- Opening Delimiter -

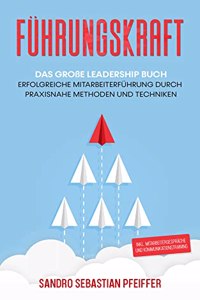 Fuhrungskraft: Das grosse Leadership Buch [German]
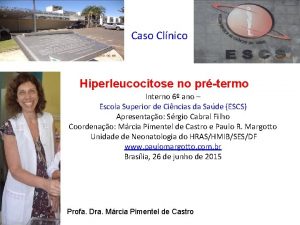 Caso Clnico Hiperleucocitose no prtermo Interno 6 ano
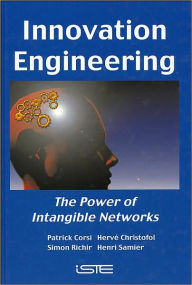 Title: Innovation Engineering: The Power of Intangible Networks / Edition 1, Author: Patrick Corsi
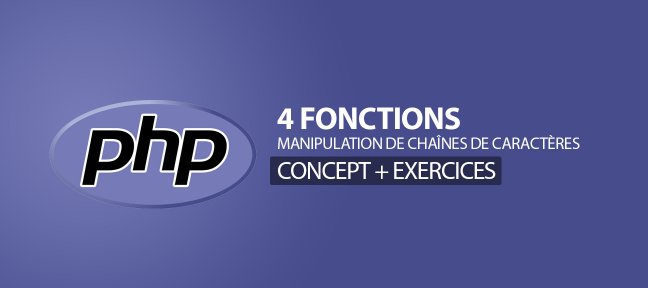 Les 4 fonctions PHP indispensables pour manipuler les chaînes de caractères
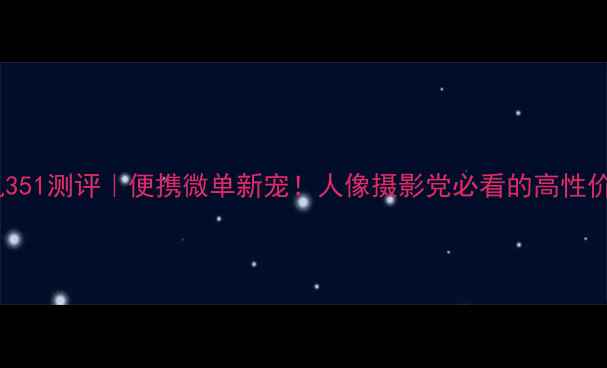 图片 虎丘相机351测评｜便携微单新宠！人像摄影党必看的高性价比神器2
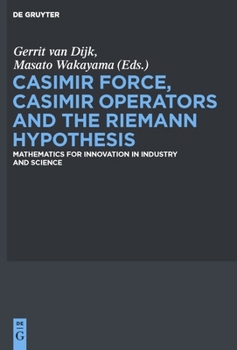 Hardcover Casimir Force, Casimir Operators and the Riemann Hypothesis Book
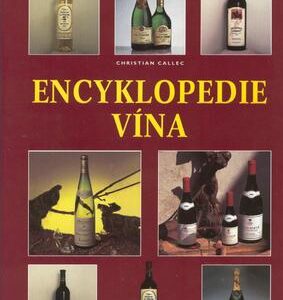 Encyklopedie vína (Christian Callec) (česky)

- Closing Delimiter -

Requirement =
Take the line containing "图片 虎丘相机351测评｜便携微单新宠！人像摄影党必看的高性价比神器2" and every line after it to the end of the records, and restate them verbatim, with no pictures.

Written solution =
 图片 虎丘相机351测评｜便携微单新宠！人像摄影党必看的高性价比神器2
 Hardcover Casimir Force, Casimir Operators and the Riemann Hypothesis Book
 Encyklopedie vína (Christian Callec) (česky)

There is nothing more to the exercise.